なお、重要事象等は存在しておりません。
文中の将来に関する事項は、当四半期連結会計期間の末日現在において当社グループが判断したものであります。
当第1四半期連結累計期間におけるわが国経済は、企業収益や雇用情勢の改善が続き、景気は緩やかな回復の兆しを見せているものの、米国の新政権による政策動向や欧州の政治動向などのリスク要因もあり、経営環境は先行き不透明な状況が続いております。
当社グループの事業分野であります建設業界におきましては、人手不足に起因する物件の着工・進捗遅れも発生しているものの、オリンピック関連事業の顕在化もあり徐々に需要が回復しつつあります。
当社グループの主力製品でありますコンクリートパイル事業におきましても、長引く需要低迷のもとではありますが、杭打ち工事における厳格な施工品質確保の取り組みの体制が整い、積極的な受注活動に取り組んでまいりました。
また、第2の柱でありますコンクリートセグメント事業につきましては、大型プロジェクトの製造が続いており、安定した業績で推移いたしました。
セグメント毎の業績は次のとおりであります。
①コンクリート二次製品事業
コンクリート二次製品事業の主力事業でありますコンクリートパイル部門につきましては、低調な需要が続いておりますが積極的な受注活動により出荷が増加した結果、当第1四半期連結累計期間の売上高は、1,618百万円(前年同四半期比17.8%増)、営業利益は226百万円(前年同四半期比82.6%増)となりました。
②コンクリートセグメント事業
大型物件の製造が順調に進捗した結果、当第1四半期連結累計期間の売上高は、761百万円(前年同四半期比6.1%増)、営業利益は24百万円(前年同四半期比27.1%増)となりました。
③工事事業
杭打ち工事における厳格な施工品質確保の取り組みの体制が整い、コスト削減にも取り組んだ結果、当第1四半期連結累計期間の売上高は、1,531百万円(前年同四半期比23.5%増)、営業利益は44百万円(前年同四半期は16百万円の損失)となりました。
④不動産賃貸事業
当第1四半期連結累計期間の売上高は、49百万円(前年同四半期比0.4%増)、営業利益は39百万円(前年同四半期比1.3%増)となりました。
以上の結果、当第1四半期連結累計期間の売上高は3,961百万円(前年同四半期比17.2%増)、営業利益は177百万円(前年同四半期比981.7%増)、経常利益は154百万円(前年同四半期は0百万円の損失)、親会社株主に帰属する四半期純利益は88百万円(前年同四半期は7百万円の損失)となりました。
資産、負債及び純資産の状況
当第1四半期連結会計期間末における総資産は、前連結会計年度末に比べて、822百万円増加して15,631百万円となりました。これは主に現金及び預金の増加781百万円、受取手形及び売掛金の増加109百万円、未成工事支出金の減少22百万円等によるものであります。
負債は、前連結会計年度末に比べて、760百万円増加して12,939百万円となりました。これは主に短期借入金、長期借入金の増加876百万円、電子記録債務の増加114百万円、支払手形及び買掛金の減少372百万円等によるものであります。
純資産は、前連結会計年度末に比べて62百万円増加して2,692百万円となりました。

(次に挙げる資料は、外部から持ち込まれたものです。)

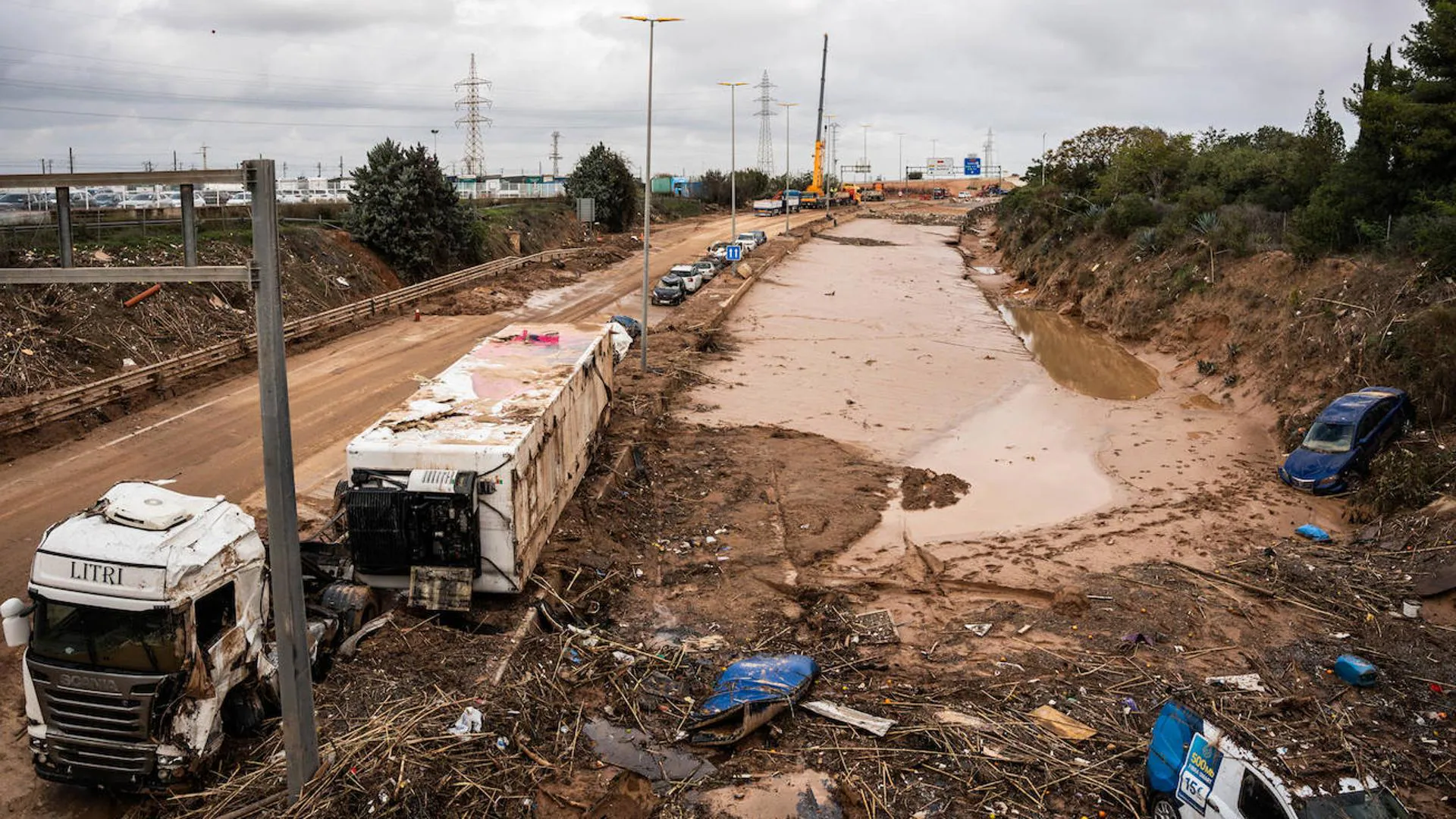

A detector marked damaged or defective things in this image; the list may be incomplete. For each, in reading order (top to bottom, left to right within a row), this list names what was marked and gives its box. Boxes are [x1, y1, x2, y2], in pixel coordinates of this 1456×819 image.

overturned white truck cab [342, 323, 614, 606]
overturned white truck cab [2, 478, 375, 786]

当第1四半期連結累計期間において、当連結会社の事業上及び財務上の対処すべき課題に重要な変更及び新たに生じた課題はありません。
当第1四半期連結累計期間の研究開発費の総額は21百万円であります。
なお、当第1四半期連結累計期間において当社グループの研究開発活動の状況に重要な変更はありません。
今後の日本経済は、生産性の伸びの鈍化や労働力人口の減少が成長の下押し圧力になることが見込まれる中で、成長戦略の進捗に左右されるなど、依然として不透明な経営環境が続くものと予想されます。
コンクリートパイル事業におきましては、今まで以上の施工品質確保は当然のこととして、製品の価値を訴求し顧客へ適正価格での販売に向けた取り組みが必要となります。
一方、コンクリートセグメント事業におきましては、大型プロジェクト物件の製造が継続し、今後暫くは需給がひっ迫した状況が見込まれます。
このような事業環境の中、当社グループは、「顧客第一」「合理追求」「人倫遵守」の経営理念の下、平成28年度からスタートした「第5次中期3ヵ年経営計画」に則り、環境の変化への迅速かつ正確な対応力と専門性の強化を目標に掲げ、安心・確実な品質の追求に加え、引続きコスト削減を進め収益性の向上を目指してまいる所存であります。